Por ser um mês muito frio e dado a ventos desembestados,o imaginário popular dizia que as almas penadas saiam a pedir rezas e assustar os mortais,arrastando correntes  com um uivo aterrador;quem não se lembra de D.Bibiana Terra,personagem de “O Tempo e o Vento”,que ,na sua cadeira de balanço,monologava:-Noite de ventos,noite de tempestades.
Na Argentina não se lava o cabelo durante esse mês:atrai a morte.
Em Portugal,país rico em crenças misteriosas,ninguém casava no mês de agosto;era quando os navios zarpavam a descobrir novos mundos e as moças corriam o risco de não ter lua-de-mel,nem marido algum dia,pois o risco de enviuvar era constante;há um velho ditado português:”casar em agosto,traz desgosto.

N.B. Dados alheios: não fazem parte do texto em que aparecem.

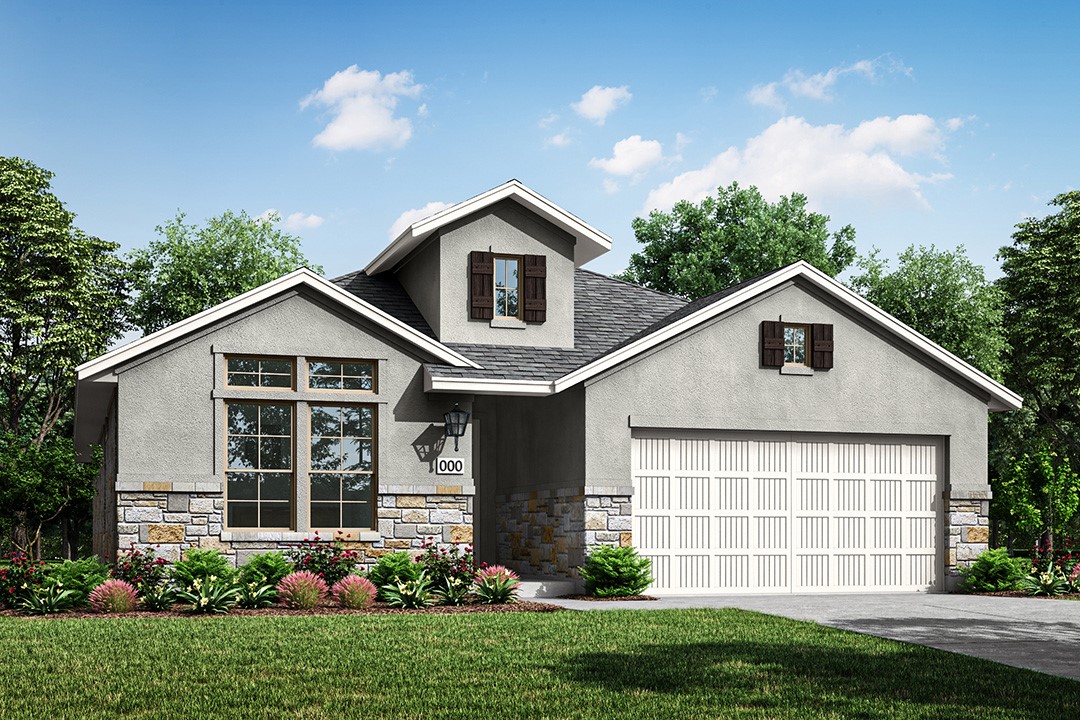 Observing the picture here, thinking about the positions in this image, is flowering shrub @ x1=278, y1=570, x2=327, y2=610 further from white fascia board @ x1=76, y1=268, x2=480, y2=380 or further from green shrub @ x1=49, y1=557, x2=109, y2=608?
white fascia board @ x1=76, y1=268, x2=480, y2=380

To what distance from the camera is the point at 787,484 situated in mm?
19234

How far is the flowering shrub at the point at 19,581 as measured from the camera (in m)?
15.2

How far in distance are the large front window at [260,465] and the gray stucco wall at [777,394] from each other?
173 inches

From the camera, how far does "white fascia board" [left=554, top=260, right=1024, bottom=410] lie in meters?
18.2

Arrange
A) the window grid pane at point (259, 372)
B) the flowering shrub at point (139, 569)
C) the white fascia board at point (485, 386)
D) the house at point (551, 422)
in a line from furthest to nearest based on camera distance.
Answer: the white fascia board at point (485, 386) < the window grid pane at point (259, 372) < the house at point (551, 422) < the flowering shrub at point (139, 569)

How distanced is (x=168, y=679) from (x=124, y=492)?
7.29 m

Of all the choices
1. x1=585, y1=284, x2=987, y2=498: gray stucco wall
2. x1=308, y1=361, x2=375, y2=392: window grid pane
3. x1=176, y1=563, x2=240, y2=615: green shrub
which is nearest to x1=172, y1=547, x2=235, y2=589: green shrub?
x1=176, y1=563, x2=240, y2=615: green shrub

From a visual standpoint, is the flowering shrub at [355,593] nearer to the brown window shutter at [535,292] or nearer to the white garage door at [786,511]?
the white garage door at [786,511]

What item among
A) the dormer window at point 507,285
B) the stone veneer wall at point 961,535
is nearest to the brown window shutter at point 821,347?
the stone veneer wall at point 961,535

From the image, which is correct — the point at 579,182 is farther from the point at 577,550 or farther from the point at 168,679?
the point at 168,679

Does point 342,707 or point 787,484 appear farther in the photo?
point 787,484

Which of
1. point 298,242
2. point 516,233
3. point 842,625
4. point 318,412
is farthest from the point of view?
point 298,242

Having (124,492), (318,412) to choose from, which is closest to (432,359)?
(318,412)

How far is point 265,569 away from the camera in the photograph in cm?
1608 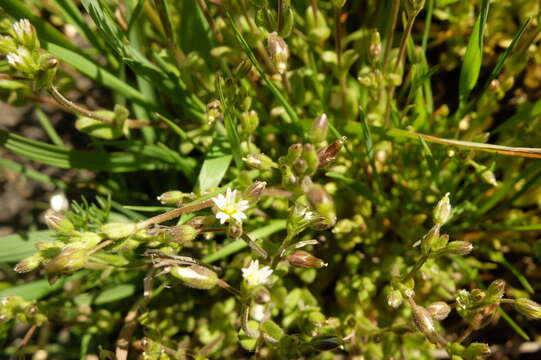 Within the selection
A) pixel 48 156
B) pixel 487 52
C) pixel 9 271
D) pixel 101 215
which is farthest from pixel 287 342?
pixel 487 52

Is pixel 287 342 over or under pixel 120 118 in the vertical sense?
under

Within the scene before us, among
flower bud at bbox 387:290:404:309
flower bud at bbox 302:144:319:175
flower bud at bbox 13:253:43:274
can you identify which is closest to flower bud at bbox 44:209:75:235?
flower bud at bbox 13:253:43:274

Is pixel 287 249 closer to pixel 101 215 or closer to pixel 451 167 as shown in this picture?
pixel 101 215

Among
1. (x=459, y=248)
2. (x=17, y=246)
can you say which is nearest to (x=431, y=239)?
(x=459, y=248)

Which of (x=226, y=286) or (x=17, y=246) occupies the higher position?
(x=226, y=286)

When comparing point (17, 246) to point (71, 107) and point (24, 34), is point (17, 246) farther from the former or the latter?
point (24, 34)

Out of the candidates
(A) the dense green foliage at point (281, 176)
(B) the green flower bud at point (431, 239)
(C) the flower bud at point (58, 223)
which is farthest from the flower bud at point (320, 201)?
(C) the flower bud at point (58, 223)

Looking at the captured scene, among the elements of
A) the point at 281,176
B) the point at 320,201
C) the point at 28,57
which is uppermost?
the point at 28,57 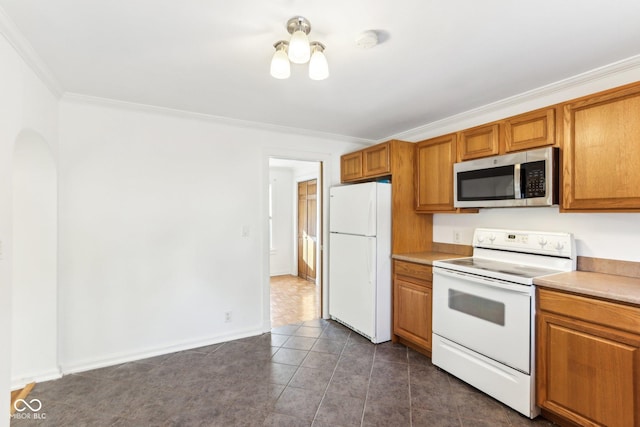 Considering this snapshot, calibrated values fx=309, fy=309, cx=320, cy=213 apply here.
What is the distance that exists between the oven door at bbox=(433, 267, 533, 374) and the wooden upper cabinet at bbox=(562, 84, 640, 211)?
2.41ft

”Por conta disso as pessoas não viajam, não se mudam,não casam,nem começam negócios no mês de agosto;se um idoso passar incólume esse mês,não morrerá durante esse ano.
O certo é que muita coisa ruim aconteceu neste mês:duas guerras mundiais,o genocídio americano em Hiroshima e Nagasaki,a Noite de São Bartolomeu,inúmeras revoluções e desastres.
No Brasil,o suicídio de Getulio,no dia 24,que é também o Dia da Sogra,os terreiros de candomblé ficam em alerta máximo,pois é o dia que os exus andam soltos e incontroláveis.
 Na Europa,acreditam que é o dia em que o Diabo tira para passear e espalhar maldades.
No dia 25,Jânio renunciou criando a maior crise institucional neste país,desde a República;dizendo ele,que, influenciado por “forças ocultas,seja lá o que isso signifique.
Já no dia 22,um desastre de automóvel muito mal explicado,matava Juscelino.
E tome quarteladas,revoluções,desastres aéreos ou marítimos,tudo nesse mês.Que ainda é o mês do cachorro louco,ninguém sabe porque,mas,todos querem vestir a camisa pelo avesso,para se livrar dos dentes do cão.
Na Bahia,a gente toma banho de pipoca para desfazer mal feitos e tirar ziquizira;é o mês de Obaluaiê,santo vetusto que aparece nos terreiros vestido de palha sem nunca mostrar o rosto,senhor das doenças , da peste e epidemias;na Igreja Católica é S.Lázaro,sempre representado por um cão que lhe lambe as feridas,talvez venha daí a estória com os cachorros.
Quem me pergunta se acredito no azar,como boa baiana,digo que sim.Vejam a Lei de Murphy:”quando alguma coisa está fadada a dar errado,dará.”
De qualquer sorte trago para vocês essas medidas do Bonfim,que já me valeram,para que os proteja dos malefícios,dos cachorros,dos políticos,das moléstias ,das guerras,das sogras e das almas penadas,pois,digo como os espanhóis:”yo no creo em brujas,pero que las hay,las hay.”
Ah,agosto é também o mês das bruxas.Haja patuá!